ECLI:NL:HR:2025:1349

Hoge Raad

Datum uitspraak
19 september 2025
Publicatiedatum
19 september 2025
Zaaknummer
25/02221
Instantie
Hoge Raad
Type
Uitspraak
Procedures
  • Cassatie
Vindplaatsen
  • Rechtspraak.nl
AI samenvatting door LexboostAutomatisch gegenereerd

Ontvankelijkheid van het beroep in cassatie tegen uitspraak van de Afdeling bestuursrechtspraak van de Raad van State

In deze zaak heeft de Hoge Raad op 19 september 2025 uitspraak gedaan in het beroep in cassatie van [X], hierna aangeduid als belanghebbende, tegen een eerdere uitspraak van de Afdeling bestuursrechtspraak van de Raad van State, gedateerd 7 mei 2025. De Hoge Raad heeft zich in deze uitspraak gericht op de ontvankelijkheid van het beroep in cassatie. Volgens artikel 78, lid 4, van de Wet op de rechterlijke organisatie kan de Hoge Raad alleen kennisnemen van cassatieberoepen tegen uitspraken van de bestuursrechter indien dit bij wet is bepaald. In dit geval was er geen wettelijke bepaling die het beroep in cassatie tegen de uitspraak van de Afdeling bestuursrechtspraak van de Raad van State mogelijk maakte. Hierdoor heeft de Hoge Raad geconcludeerd dat het beroep in cassatie niet-ontvankelijk verklaard moest worden.

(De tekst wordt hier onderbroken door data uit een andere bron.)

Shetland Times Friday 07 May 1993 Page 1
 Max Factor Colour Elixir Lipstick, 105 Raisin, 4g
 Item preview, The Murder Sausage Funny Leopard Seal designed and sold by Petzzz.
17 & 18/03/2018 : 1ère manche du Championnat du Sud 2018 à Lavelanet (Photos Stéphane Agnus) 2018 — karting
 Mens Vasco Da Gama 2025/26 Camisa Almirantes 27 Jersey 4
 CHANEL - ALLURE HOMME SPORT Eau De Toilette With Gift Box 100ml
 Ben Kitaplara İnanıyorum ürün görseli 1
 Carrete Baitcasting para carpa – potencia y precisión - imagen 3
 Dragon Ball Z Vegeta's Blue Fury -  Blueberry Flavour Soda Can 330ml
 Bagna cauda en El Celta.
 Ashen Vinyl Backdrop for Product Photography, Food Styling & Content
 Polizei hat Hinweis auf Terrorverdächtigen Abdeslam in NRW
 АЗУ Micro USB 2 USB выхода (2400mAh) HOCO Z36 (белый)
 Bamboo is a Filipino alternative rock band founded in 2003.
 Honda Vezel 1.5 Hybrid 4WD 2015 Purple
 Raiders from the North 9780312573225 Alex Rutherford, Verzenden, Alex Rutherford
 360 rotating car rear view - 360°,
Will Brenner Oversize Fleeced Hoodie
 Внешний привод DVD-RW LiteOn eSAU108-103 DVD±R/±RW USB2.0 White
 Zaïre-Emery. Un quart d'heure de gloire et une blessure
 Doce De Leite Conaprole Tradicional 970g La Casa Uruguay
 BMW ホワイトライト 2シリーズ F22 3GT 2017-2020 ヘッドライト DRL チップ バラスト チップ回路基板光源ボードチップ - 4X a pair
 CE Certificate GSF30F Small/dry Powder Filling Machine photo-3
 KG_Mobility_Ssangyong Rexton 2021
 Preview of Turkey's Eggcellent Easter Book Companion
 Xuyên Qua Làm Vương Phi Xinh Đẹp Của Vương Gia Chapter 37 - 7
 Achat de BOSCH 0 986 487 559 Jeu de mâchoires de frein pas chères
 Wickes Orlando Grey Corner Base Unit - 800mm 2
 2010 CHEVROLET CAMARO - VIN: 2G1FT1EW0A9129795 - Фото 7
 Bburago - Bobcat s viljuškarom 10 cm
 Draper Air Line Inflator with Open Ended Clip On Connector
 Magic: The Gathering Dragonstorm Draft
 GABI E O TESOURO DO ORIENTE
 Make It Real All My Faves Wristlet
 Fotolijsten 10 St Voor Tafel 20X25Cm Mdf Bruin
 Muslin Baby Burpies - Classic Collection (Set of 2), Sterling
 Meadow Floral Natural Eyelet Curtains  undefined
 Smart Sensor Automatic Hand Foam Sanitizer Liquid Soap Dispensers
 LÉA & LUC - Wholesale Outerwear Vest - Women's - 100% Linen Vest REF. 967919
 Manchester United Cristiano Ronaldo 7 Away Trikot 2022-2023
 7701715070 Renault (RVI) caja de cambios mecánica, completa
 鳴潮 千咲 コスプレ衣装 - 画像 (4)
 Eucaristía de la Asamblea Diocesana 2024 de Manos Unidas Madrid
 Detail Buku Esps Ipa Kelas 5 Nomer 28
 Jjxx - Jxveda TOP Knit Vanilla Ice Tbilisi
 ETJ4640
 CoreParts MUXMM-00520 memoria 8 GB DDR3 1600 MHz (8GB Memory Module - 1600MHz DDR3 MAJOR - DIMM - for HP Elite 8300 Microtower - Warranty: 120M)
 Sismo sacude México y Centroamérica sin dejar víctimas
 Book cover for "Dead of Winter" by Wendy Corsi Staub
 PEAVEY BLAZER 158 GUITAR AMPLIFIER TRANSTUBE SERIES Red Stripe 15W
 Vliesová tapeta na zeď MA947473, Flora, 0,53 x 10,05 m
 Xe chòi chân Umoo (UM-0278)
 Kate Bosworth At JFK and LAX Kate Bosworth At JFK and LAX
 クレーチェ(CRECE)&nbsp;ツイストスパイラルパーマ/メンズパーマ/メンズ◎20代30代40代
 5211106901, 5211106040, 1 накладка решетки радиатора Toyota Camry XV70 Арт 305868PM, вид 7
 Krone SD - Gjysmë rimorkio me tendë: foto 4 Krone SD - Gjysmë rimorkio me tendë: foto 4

Daarnaast heeft de Hoge Raad in deze uitspraak ook de proceskosten behandeld. De Hoge Raad heeft geen aanleiding gezien om een veroordeling in de proceskosten uit te spreken, wat betekent dat elke partij zijn eigen kosten draagt. De beslissing van de Hoge Raad is openbaar uitgesproken en is een belangrijke uitspraak met betrekking tot de ontvankelijkheid van cassatieberoepen in bestuursrechtelijke zaken.

Uitspraak

HOGE RAAD DER NEDERLANDEN
BELASTINGKAMER
Nummer25/02221
Datum19 september 2025
ARREST
op het door [X] (hierna: belanghebbende) ingestelde beroep in cassatie tegen de uitspraak van de Afdeling bestuursrechtspraak van de Raad van State van 7 mei 2025, nr. 202403526/1/A2 [1] .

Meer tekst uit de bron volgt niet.